Collected data
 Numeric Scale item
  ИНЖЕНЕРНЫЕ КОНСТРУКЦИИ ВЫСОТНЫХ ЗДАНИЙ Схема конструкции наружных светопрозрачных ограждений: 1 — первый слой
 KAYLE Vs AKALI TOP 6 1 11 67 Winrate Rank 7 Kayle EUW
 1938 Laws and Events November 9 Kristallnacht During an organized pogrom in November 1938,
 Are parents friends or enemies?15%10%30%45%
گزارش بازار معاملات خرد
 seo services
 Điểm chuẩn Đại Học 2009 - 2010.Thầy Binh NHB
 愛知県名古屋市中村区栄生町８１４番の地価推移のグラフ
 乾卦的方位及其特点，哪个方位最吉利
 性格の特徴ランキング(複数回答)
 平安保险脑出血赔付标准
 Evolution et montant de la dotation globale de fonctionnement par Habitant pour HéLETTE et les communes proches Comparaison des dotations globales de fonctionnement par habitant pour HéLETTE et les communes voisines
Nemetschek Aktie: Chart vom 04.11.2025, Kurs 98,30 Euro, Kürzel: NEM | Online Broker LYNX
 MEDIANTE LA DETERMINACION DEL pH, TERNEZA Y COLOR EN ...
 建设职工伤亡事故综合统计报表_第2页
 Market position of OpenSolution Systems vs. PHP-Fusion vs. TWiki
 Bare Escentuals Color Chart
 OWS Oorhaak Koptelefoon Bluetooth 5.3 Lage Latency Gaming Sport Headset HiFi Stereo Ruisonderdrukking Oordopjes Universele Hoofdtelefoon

### ABOUT THIS TASK
When a line of the data holds the string "Chart", pick it out and copy it.

### RESPONSE TO THE TASK
Nemetschek Aktie: Chart vom 04.11.2025, Kurs 98,30 Euro, Kürzel: NEM | Online Broker LYNX
 Bare Escentuals Color Chart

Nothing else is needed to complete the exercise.